▸ Task directions
Of the records that follow, copy only the lines from the line containing "Sko adidas Adizero Ambition" to the line containing "118 Spring Road, Glenville, New", both included, exactly as written.

▸ Exercise inputs
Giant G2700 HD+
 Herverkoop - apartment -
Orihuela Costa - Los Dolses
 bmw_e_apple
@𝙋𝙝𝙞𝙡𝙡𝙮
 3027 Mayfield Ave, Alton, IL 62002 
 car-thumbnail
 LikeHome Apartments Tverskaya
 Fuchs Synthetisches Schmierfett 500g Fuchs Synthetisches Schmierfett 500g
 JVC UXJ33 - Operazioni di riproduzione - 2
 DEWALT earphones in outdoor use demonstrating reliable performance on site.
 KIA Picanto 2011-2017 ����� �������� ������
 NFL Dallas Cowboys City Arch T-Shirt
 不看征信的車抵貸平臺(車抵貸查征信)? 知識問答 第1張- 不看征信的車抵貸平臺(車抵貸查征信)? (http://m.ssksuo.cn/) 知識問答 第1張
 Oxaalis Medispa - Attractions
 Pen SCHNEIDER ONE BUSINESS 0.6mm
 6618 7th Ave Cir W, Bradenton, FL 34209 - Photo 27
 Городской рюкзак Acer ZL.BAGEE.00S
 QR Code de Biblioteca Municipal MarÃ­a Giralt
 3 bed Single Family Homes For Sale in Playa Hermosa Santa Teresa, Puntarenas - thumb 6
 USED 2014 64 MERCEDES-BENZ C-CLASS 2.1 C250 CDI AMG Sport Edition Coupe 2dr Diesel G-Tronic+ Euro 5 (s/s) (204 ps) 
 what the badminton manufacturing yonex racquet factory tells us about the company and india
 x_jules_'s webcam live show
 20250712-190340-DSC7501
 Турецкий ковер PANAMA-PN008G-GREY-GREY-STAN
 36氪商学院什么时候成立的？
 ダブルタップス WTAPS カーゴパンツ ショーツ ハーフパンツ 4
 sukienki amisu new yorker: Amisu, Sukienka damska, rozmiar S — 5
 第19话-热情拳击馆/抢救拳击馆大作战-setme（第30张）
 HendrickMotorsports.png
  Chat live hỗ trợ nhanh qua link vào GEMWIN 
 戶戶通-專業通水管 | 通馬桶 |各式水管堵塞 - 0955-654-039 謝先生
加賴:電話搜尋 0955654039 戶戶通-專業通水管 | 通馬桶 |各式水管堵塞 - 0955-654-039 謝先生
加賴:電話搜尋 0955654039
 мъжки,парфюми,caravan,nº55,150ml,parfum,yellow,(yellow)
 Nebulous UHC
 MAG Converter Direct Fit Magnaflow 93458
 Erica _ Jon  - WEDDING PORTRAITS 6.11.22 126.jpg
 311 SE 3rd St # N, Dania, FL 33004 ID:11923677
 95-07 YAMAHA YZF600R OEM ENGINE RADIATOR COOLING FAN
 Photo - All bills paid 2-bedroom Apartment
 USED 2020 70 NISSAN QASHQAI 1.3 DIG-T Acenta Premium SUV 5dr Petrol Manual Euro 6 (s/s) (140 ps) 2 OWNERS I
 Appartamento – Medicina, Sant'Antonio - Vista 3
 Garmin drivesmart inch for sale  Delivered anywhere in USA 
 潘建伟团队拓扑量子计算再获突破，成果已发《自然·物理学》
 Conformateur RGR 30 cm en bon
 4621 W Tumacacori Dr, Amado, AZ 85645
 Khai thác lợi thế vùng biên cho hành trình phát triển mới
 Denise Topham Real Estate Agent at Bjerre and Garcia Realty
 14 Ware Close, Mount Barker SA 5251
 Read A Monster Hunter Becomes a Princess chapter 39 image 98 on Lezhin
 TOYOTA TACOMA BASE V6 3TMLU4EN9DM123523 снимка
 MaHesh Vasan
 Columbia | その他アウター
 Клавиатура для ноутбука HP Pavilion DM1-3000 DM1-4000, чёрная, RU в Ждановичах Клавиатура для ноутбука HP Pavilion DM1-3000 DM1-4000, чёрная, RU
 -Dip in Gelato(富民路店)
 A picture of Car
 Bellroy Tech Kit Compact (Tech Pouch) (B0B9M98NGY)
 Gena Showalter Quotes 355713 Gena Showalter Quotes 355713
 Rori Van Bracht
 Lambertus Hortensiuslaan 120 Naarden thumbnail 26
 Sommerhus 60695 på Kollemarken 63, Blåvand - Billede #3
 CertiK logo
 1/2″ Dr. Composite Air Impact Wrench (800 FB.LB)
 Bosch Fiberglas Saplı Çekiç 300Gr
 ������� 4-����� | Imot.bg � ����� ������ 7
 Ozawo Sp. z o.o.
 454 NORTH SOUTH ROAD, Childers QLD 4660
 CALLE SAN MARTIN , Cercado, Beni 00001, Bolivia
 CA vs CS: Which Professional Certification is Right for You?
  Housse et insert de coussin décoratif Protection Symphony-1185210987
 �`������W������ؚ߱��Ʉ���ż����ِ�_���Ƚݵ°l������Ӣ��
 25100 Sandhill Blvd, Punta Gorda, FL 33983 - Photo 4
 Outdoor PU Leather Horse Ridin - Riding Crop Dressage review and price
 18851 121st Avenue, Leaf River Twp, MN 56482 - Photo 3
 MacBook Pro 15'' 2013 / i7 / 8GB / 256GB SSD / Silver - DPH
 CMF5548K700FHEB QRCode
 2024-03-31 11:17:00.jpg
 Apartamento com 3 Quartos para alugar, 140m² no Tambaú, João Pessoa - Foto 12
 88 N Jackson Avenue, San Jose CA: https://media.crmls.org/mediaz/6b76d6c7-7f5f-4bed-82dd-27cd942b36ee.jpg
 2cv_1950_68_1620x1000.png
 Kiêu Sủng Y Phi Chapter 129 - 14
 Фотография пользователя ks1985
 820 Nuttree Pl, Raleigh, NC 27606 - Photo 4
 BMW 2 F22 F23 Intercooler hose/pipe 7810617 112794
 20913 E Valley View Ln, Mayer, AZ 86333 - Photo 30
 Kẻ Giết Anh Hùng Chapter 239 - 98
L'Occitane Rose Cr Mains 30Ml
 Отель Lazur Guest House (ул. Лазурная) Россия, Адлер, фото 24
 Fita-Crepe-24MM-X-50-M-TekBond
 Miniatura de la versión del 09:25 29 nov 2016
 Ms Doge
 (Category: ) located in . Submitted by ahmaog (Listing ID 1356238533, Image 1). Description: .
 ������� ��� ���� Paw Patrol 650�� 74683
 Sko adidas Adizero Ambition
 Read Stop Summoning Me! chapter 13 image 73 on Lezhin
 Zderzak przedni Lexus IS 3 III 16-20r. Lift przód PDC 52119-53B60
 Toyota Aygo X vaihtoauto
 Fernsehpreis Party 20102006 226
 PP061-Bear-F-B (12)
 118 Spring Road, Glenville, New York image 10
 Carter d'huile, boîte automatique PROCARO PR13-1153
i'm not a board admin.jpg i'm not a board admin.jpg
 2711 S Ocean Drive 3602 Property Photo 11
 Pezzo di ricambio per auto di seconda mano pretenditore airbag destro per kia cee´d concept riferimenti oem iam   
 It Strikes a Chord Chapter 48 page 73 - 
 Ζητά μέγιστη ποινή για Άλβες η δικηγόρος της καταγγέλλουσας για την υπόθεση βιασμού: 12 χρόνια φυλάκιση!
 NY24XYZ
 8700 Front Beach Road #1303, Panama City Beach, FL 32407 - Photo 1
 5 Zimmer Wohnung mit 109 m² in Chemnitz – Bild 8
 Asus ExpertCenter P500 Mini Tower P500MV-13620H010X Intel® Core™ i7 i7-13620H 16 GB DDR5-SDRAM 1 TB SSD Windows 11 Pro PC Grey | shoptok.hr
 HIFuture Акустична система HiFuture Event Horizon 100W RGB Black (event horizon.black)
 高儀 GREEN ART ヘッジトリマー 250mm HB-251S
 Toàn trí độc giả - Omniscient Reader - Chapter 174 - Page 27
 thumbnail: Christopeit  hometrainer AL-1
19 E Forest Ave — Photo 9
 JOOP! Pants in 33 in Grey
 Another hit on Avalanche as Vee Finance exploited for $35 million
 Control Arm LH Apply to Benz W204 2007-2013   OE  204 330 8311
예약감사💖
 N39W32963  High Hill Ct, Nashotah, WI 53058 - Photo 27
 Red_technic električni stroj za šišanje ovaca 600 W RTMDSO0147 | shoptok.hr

▸ Final answer
 Sko adidas Adizero Ambition
 Read Stop Summoning Me! chapter 13 image 73 on Lezhin
 Zderzak przedni Lexus IS 3 III 16-20r. Lift przód PDC 52119-53B60
 Toyota Aygo X vaihtoauto
 Fernsehpreis Party 20102006 226
 PP061-Bear-F-B (12)
 118 Spring Road, Glenville, New York image 10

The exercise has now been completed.